Table 8 The performance comparison between the proposed DCNN model and previous studies with ISIC-2019 dataset

6 Conclusion and future work

Skin cancer is a serious health risk characterised by unchecked development of skin cells as a result of DNA damage, which is frequently caused by UV radiation from the sun or other artificial sources.
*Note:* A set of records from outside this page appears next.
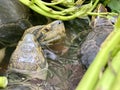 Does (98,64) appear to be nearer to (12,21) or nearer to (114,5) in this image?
(12,21)

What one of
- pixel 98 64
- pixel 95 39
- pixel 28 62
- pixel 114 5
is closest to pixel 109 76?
pixel 98 64

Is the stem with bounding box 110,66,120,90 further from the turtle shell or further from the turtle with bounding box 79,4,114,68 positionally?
the turtle shell

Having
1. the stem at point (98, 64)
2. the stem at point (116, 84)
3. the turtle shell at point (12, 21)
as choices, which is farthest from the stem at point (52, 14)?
the stem at point (116, 84)

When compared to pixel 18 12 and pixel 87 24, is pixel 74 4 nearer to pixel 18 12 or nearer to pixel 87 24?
pixel 87 24

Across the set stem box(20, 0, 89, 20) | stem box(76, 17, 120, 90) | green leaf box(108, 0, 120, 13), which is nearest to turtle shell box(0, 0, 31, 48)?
stem box(20, 0, 89, 20)

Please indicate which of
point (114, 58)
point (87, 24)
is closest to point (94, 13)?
point (87, 24) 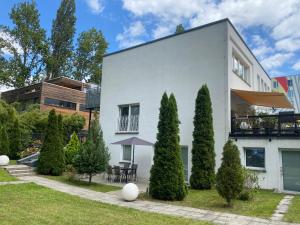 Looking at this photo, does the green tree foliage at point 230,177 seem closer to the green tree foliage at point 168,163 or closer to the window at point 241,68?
the green tree foliage at point 168,163

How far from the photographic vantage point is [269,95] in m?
17.1

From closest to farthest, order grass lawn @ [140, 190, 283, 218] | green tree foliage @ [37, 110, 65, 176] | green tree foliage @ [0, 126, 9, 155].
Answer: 1. grass lawn @ [140, 190, 283, 218]
2. green tree foliage @ [37, 110, 65, 176]
3. green tree foliage @ [0, 126, 9, 155]

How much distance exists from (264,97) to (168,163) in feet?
30.3

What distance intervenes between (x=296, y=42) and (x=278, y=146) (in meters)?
17.5

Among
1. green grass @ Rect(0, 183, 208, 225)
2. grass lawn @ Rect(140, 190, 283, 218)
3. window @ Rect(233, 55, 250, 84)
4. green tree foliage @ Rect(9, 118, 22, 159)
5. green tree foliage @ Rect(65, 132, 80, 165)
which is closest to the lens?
green grass @ Rect(0, 183, 208, 225)

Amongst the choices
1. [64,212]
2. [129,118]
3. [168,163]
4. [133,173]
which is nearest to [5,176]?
[133,173]

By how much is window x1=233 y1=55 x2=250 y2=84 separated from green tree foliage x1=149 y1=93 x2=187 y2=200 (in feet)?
26.1

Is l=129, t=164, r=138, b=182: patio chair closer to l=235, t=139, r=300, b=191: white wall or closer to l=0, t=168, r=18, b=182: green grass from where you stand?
l=0, t=168, r=18, b=182: green grass

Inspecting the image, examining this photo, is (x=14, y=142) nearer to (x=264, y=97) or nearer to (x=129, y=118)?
(x=129, y=118)

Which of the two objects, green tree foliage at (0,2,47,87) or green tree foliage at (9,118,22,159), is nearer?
green tree foliage at (9,118,22,159)

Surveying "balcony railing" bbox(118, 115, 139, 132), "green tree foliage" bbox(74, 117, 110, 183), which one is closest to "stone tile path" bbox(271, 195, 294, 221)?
"green tree foliage" bbox(74, 117, 110, 183)

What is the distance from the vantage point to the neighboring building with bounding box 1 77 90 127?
36.8 m

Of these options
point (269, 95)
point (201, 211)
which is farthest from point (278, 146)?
point (201, 211)

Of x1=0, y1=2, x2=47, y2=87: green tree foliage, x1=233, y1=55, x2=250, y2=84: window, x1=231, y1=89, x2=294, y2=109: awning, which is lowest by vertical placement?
x1=231, y1=89, x2=294, y2=109: awning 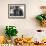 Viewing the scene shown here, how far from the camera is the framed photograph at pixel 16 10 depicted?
3529 mm

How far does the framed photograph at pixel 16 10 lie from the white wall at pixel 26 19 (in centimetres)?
6

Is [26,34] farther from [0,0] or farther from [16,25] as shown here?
[0,0]

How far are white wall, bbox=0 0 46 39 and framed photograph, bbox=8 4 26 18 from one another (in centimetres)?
6

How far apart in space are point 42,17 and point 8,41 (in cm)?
83

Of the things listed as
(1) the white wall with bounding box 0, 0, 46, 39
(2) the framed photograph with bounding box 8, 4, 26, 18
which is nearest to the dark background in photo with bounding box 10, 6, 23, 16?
(2) the framed photograph with bounding box 8, 4, 26, 18

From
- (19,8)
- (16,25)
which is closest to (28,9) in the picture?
(19,8)

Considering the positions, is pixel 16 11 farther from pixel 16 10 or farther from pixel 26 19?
pixel 26 19

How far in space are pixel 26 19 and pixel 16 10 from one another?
0.91 feet

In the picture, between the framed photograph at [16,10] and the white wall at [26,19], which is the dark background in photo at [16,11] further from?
the white wall at [26,19]

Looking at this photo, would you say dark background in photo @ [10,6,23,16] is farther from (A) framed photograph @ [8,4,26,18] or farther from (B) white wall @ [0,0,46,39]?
(B) white wall @ [0,0,46,39]

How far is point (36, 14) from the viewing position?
11.6 feet

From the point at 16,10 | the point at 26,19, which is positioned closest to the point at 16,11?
the point at 16,10

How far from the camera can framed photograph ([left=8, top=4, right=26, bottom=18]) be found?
3529 mm

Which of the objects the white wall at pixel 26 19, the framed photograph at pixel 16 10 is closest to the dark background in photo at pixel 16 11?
the framed photograph at pixel 16 10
Skin cancer is dangerous because it can spread to other parts of the body and have serious consequences. Therefore, early detection and intervention are crucial, as advanced stages of skin cancer can be more difficult to treat. In dermatological diagnostics, AI technologies, particularly CNNs, are making great progress. CNNs are excellent at handling and interpreting intricate visual input, making them suitable for jobs such as pattern detection and image classification. CNNs can be trained on large datasets of dermatoscopic images to identify benign and malignant lesions with exceptional accuracy. In this research, we proposed an effective DCNN approach for the classification of skin lesions. We used two large dermatoscopic image datasets, namely HAM10000 and ISIC-2019. The selected datasets suffer from an imbalanced problem. We handle this issue in our study using the oversampling technique. The performance of the DCNN exceeded that of all comparable models, as assessed through various evaluation metrics. Compared to other state-of-the-art models, including VGG16, VGG19, DensNet121, DensNet201, and MobileNetV2, the proposed DCNN model demonstrated superior performance across multiple criteria. The evaluation metrics used encompassed essential measures such as accuracy, recall, precision, F1-score, specificity, and AUC. The results indicate that the DCNN model proposed in this study outperforms other DL models applied to the same datasets. Specifically, the proposed DCNN model achieved scores of \(97.11\%\), \(97.12\%\), \(97.09\%\), \(97.08\%\), \(99.61\%\), and 99.82, respectively, with the HAM10000 dataset, while achieving the highest accuracy, recall, precision, F1-score, specificity, and AUC of \(97.11\%\), \(97.12\%\), \(97.09\%\), and \(97.08\%\), respectively, with the ISIC-2019 dataset. Furthermore, compared to several recent studies utilizing these datasets, the proposed model exhibits superior performance, particularly in terms of accuracy.

In our future endeavours, our goal is to advance our skin cancer classification framework by expanding our datasets to include a more extensive collection of labelled skin lesions. This expansion will facilitate the training of a more robust and successful Deep Neural Network (DNN). Our focus will be on refining pre-processing steps to enhance the model’s predictive capabilities and achieve optimal classification accuracy. Additionally, we plan to employ optimization algorithms for hyperparameter tuning, a crucial step in maximizing the performance of our DCNN. The exploration of various optimization techniques holds the promise of further elevating the model’s efficacy. Additionally, we recommend integrating image segmentation as the initial step within our framework, as it is likely to yield more promising solutions. These considerations highlight limitations in our current model that could be further improved. To validate the real-world applicability of our proposed framework, we envision conducting a comparative study with dermatologists. By benchmarking our model against expert human assessments, our aim is to provide valuable insights for healthcare institutions. This information can guide decisions about when and how to integrate our framework into clinical practices, serve as a reliable second opinion, or potentially replace certain aspects of human involvement. Furthermore, the proposed model could be further evaluated to address other challenges present in medical imaging, such as variations in image quality, lighting, and artifacts. This is because, in this study, many pre-processing steps for data, such as noise and artifact removal and dataset quality enhancement, were neglected, yet the model still achieved promising results. Therefore, it is anticipated that the model will be valuable in addressing other challenges in medical imaging.